11. Дальнейшее углубление стоически-платонической этики Посидония
Выше мы уже формулировали общий очерк этой эстетики. Но те материалы, которые мы рассмотрели после этого очерка, повелительно заставляют нас во многом углубить общие эстетические контуры философии Посидония, о чем мы и скажем сейчас несколько слов.
Во-первых, огненно-смысловая основа всего бытия и всей жизни у Посидония, являющая в столь разительной форме своеобразие данной эстетики, оказывается, получает у Посидония особого рода структуру, в которой Посидоний пытается слить в одно нераздельное целое все раздельные точки бытия с подчеркнуто иррациональным становлением этого бытия. Прерывность и непрерывность довольно глубоко умели совмещать при помощи своей диалектики и Платон и Аристотель. Но у них не было такого субъективно-имманентного подхода к бытию, чтобы это бытие можно было, при всей его идеальности, вдыхать в свой организм наподобие воздуха. Раз душа есть теплое дыхание, то и все живое, вся природа есть только теплое дыхание. А это значит, что и красота тоже есть теплое дыхание. Но теперь, оказывается, мало и этого. Эта теплота, расходящаяся по всему миру из первоогня, есть к тому же обязательно и нечто иррациональное, которое Посидоний никогда не забывает указывать наряду со всей рациональной раздельностью космоса.
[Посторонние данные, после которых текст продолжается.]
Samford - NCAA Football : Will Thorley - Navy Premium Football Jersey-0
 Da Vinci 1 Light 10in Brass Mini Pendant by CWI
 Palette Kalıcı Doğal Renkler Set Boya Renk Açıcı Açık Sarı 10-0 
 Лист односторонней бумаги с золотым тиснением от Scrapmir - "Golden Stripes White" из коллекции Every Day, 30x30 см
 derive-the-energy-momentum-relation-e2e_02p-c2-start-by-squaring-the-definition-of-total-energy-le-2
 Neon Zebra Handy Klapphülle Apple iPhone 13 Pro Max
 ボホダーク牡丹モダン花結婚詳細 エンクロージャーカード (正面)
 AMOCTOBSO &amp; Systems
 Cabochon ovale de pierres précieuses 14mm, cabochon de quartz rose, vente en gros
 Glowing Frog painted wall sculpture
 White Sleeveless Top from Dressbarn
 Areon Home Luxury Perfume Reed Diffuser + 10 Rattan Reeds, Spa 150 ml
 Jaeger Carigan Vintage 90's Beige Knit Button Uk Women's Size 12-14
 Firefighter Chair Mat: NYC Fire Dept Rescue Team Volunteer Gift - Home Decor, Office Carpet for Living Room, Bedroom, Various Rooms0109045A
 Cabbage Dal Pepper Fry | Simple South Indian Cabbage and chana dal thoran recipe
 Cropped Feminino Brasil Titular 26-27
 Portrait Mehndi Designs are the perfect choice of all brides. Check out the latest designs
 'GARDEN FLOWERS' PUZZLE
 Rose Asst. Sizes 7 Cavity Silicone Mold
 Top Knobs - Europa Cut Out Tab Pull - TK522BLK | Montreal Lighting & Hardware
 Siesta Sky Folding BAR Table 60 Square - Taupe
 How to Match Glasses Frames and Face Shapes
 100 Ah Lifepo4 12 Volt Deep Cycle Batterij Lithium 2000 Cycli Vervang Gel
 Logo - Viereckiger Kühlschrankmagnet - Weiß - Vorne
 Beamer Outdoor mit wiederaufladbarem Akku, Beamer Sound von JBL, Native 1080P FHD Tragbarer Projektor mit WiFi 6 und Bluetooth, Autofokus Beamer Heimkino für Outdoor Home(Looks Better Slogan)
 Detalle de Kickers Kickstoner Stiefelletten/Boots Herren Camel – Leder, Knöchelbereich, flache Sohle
Об этом слиянии прерывного и непрерывного у Посидония мы еще скажем ниже.
Но уже сейчас необходимо выставить один фундаментальный тезис, который до Посидония, насколько можно судить, никем в античности не переживался с такой большой интенсивностью. Этот тезис гласит: красота есть такая единораздельная структура, которая вся пронизана иррациональным становлением, которая вся пульсирует внутри себя непрерывными потоками и которая даже и вокруг себя овеяна этими тающими радостями вечно живых и подвижных и вечно нерасчленимых становлений.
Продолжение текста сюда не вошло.